Et quel piano prend le dessus sur votre vie maintenant ?
Ma mère m’aide beaucoup, je travaille sur des partitions. Je joue du piano quand je peux, avant les cours, quand j’ai un moment. J’aime la musique, ce morceau de piano apporte de la musicalité à ma danse, il m’aide à m’exprimer plus facilement.
Vous êtes au Prix de Lausanne depuis trois jours. Comment ça se passe ?
J’étais très stressée le premier jour : le look des filles, Elizabeth Platel… Tout ! Après ça je me suis fait des amis et je suis aussi content d’être venu avec Pierre, un étudiant du CNSMDP avec moi, on se serre les coudes. Et puis c’est super d’être là, d’aller en cours, de monter sur scène… Plus tard je me dirai : j’ai réussi au Prix de Lausanne !

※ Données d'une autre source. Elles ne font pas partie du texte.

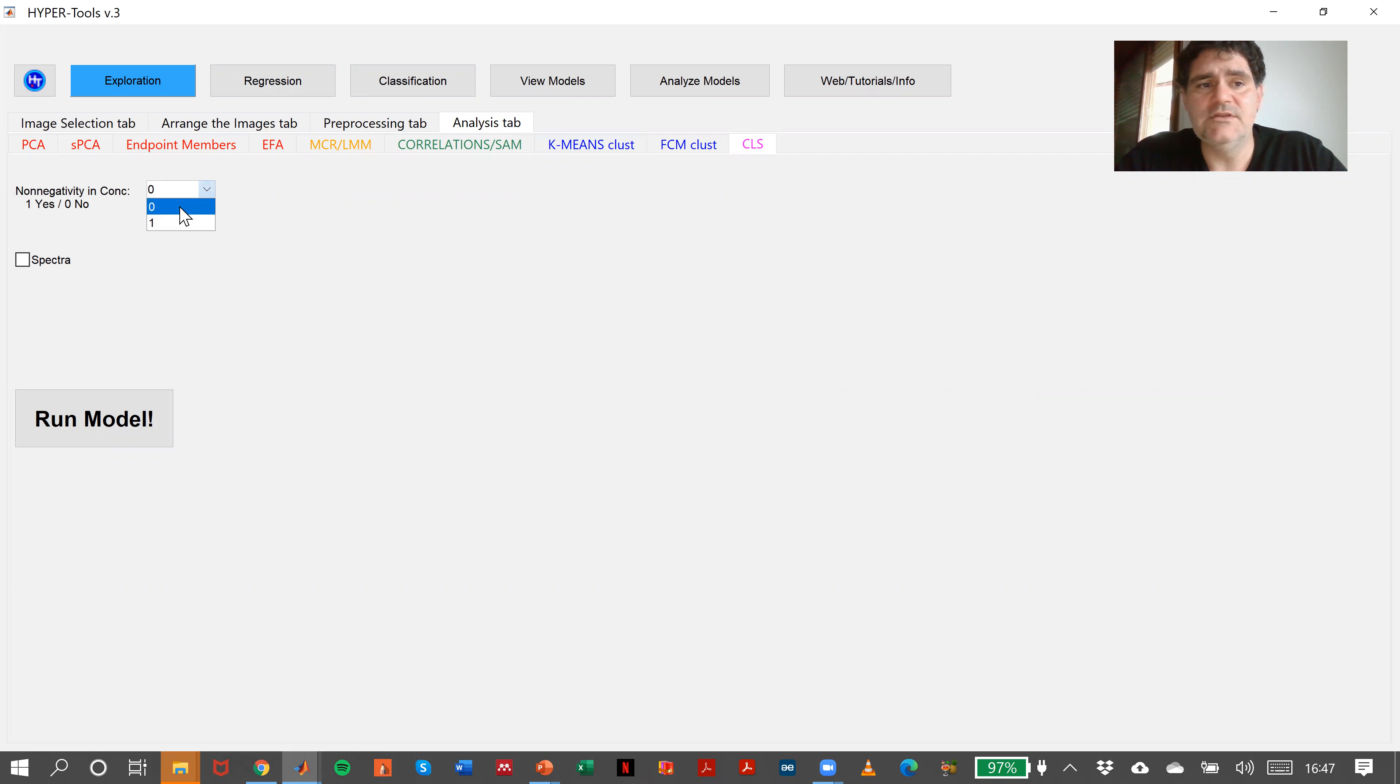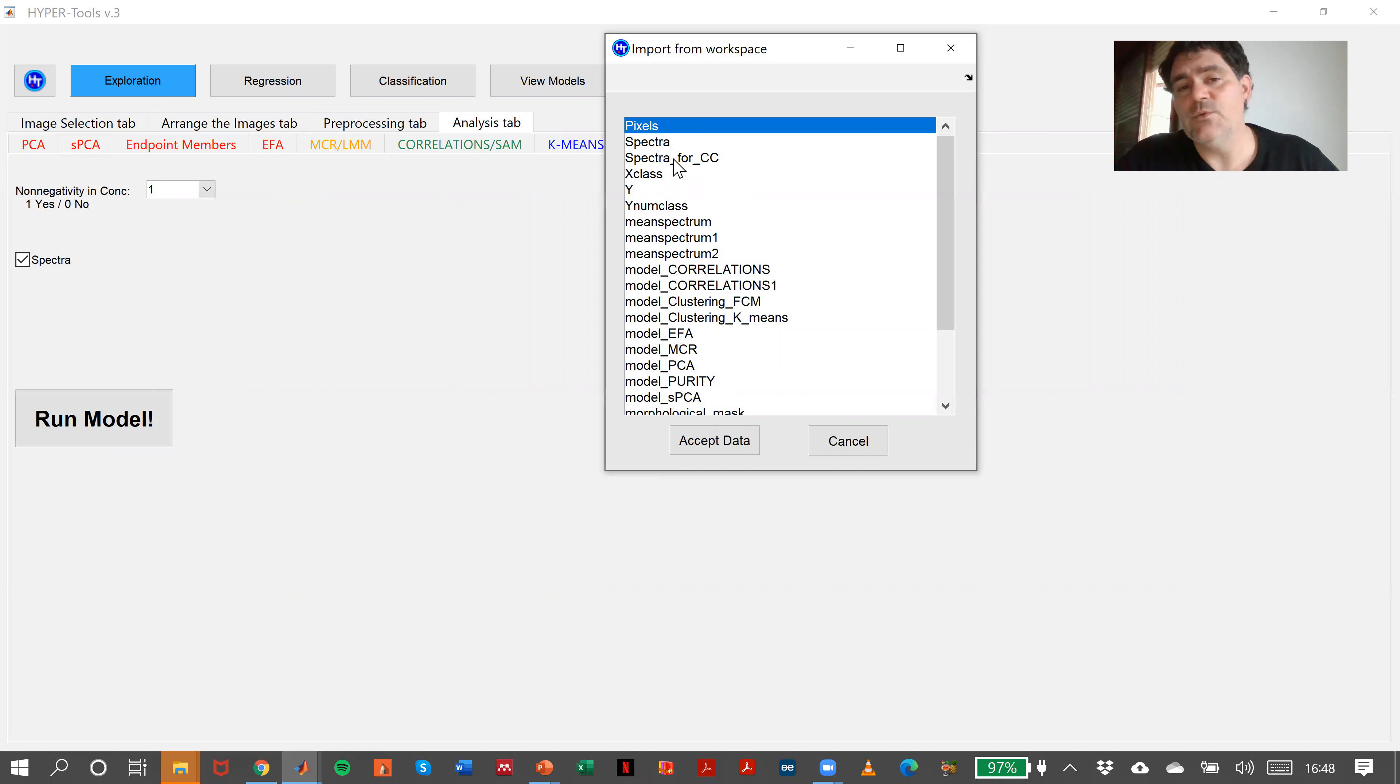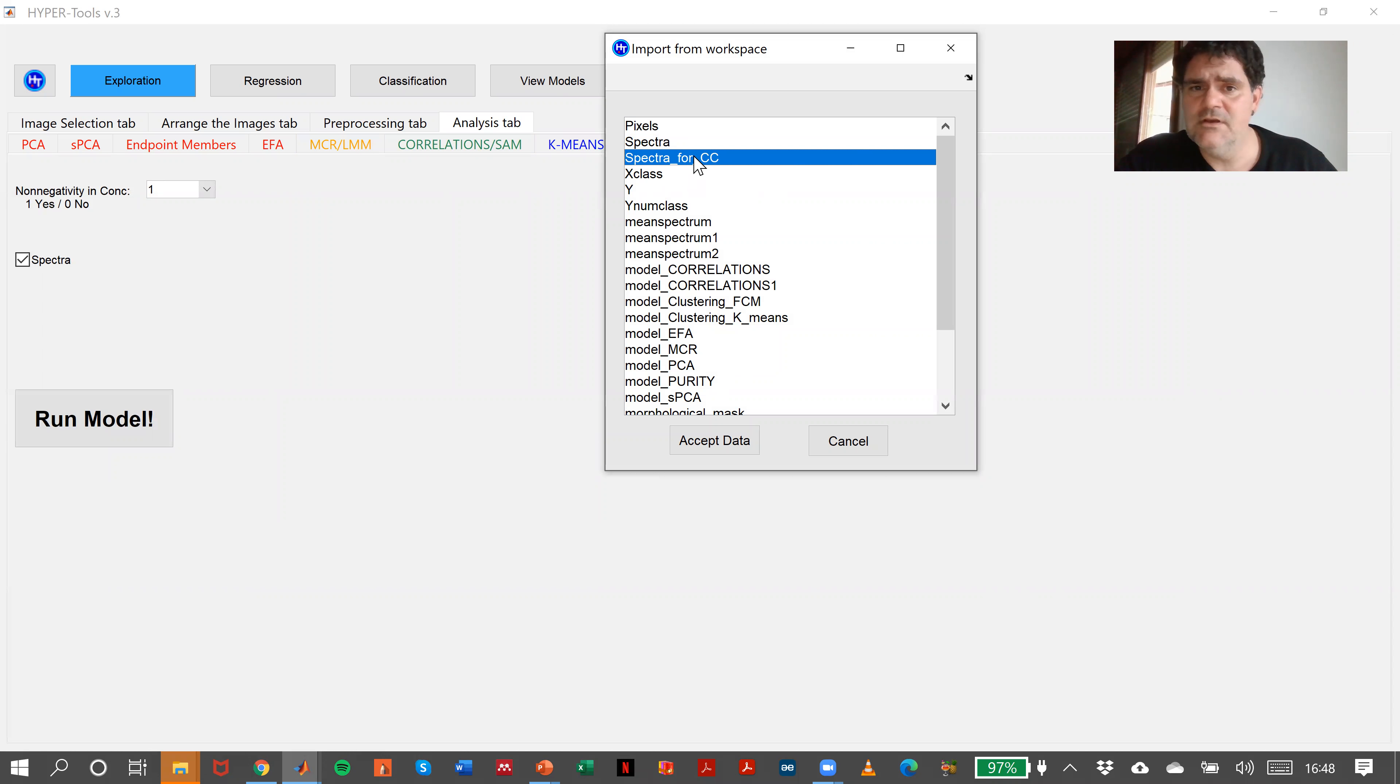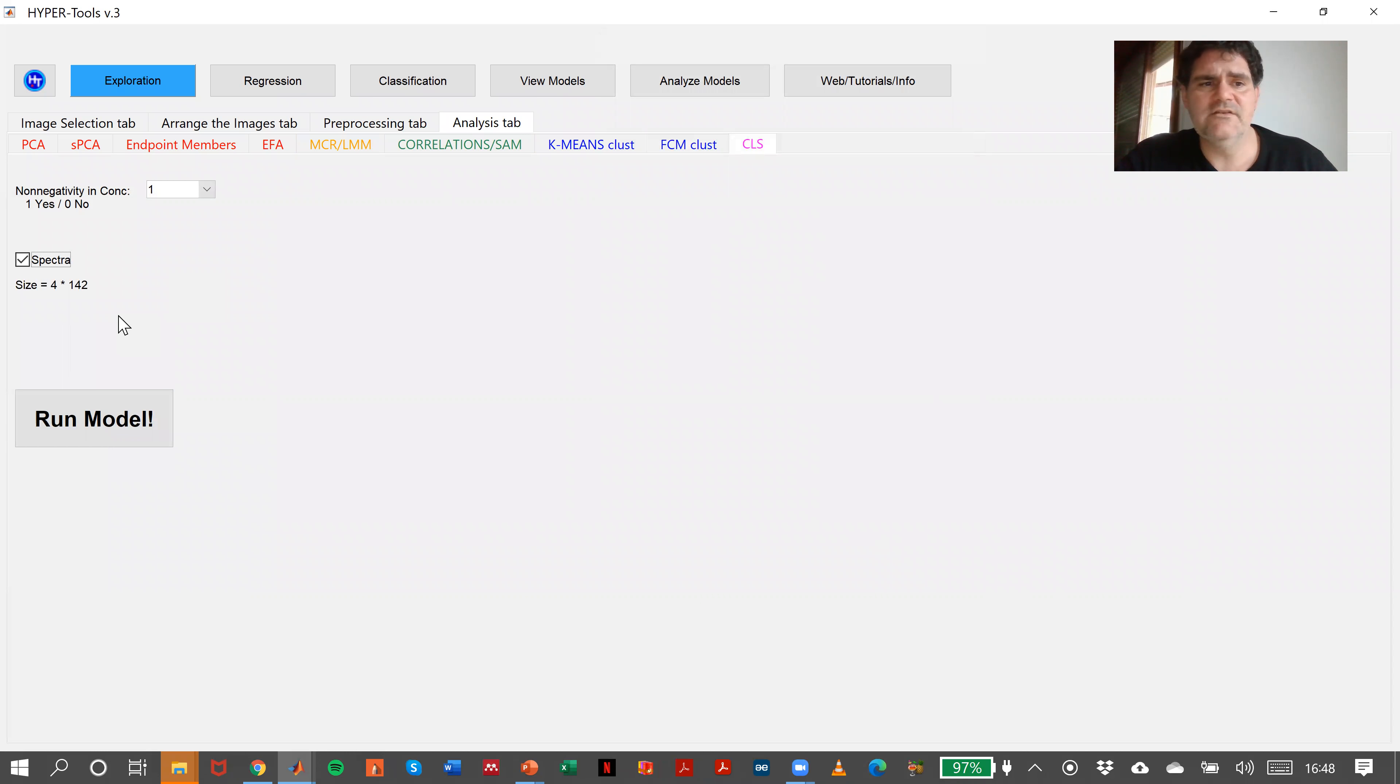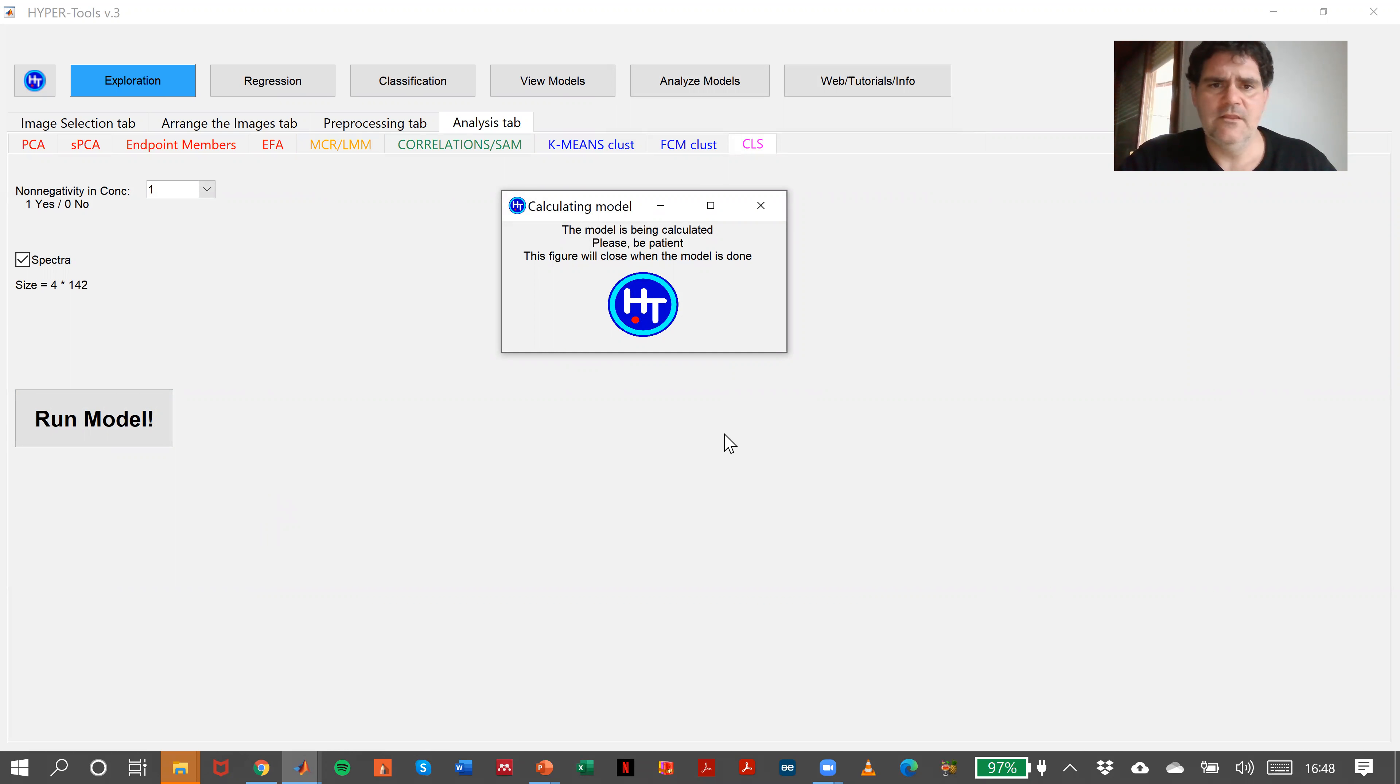Finally, the last thing we can do in exploration is classical least squares with no negativity in the concentrations. For the spectra, we need to load the database in our workspace. In this case, we'll use the same database as we used for correlations. Spectrum, accept, and run the model.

Et comment se passent les cours de danse moderne ?
Au CNSMDP on voit beaucoup de techniques différentes : Cunningham, Graham, danse jazz… Tandis que les cours du Prix de Lausanne sont plus « généralistes », avec des rebondissements, des passages au sol. J’aime beaucoup ces cours, ils sont super et je m’y sens bien.
Quel est ton objectif au Prix de Lausanne ?
Direction la ligne d’arrivée ! Si j’y suis, ce serait incroyable et si je ne le suis pas, c’est la vie et ça l’est. Après, mon objectif est de retourner à l’Opéra de Paris. J’aimerais bien y retourner l’année prochaine, en deuxième ou en première division, puis essayer le corps de ballet. Quand ils ne m’ont pas gardé après le gros stage, je n’avais plus envie d’y retourner. C’est dur de ne pas être choisi… Pendant deux ans, je n’ai même pas voulu en entendre parler. Mais lorsqu’il entre au CNSMDP, il voit Koharu Yamamoto y retourner (NDLR : Koharu Yamamoto a été acceptée à l’École de danse de l’Opéra de Paris en 2021, suite à sa partition au Prix de Lausanne, elle est désormais dans le corps de ballet), je pensais que c’était possible.
J’aime aussi beaucoup la Royal Ballet School, la Princess Grace Academy ou la John Cranko School. Mais je vise Opera comme premier choix. Je donne le meilleur de moi-même en classe et j’espère être remarqué.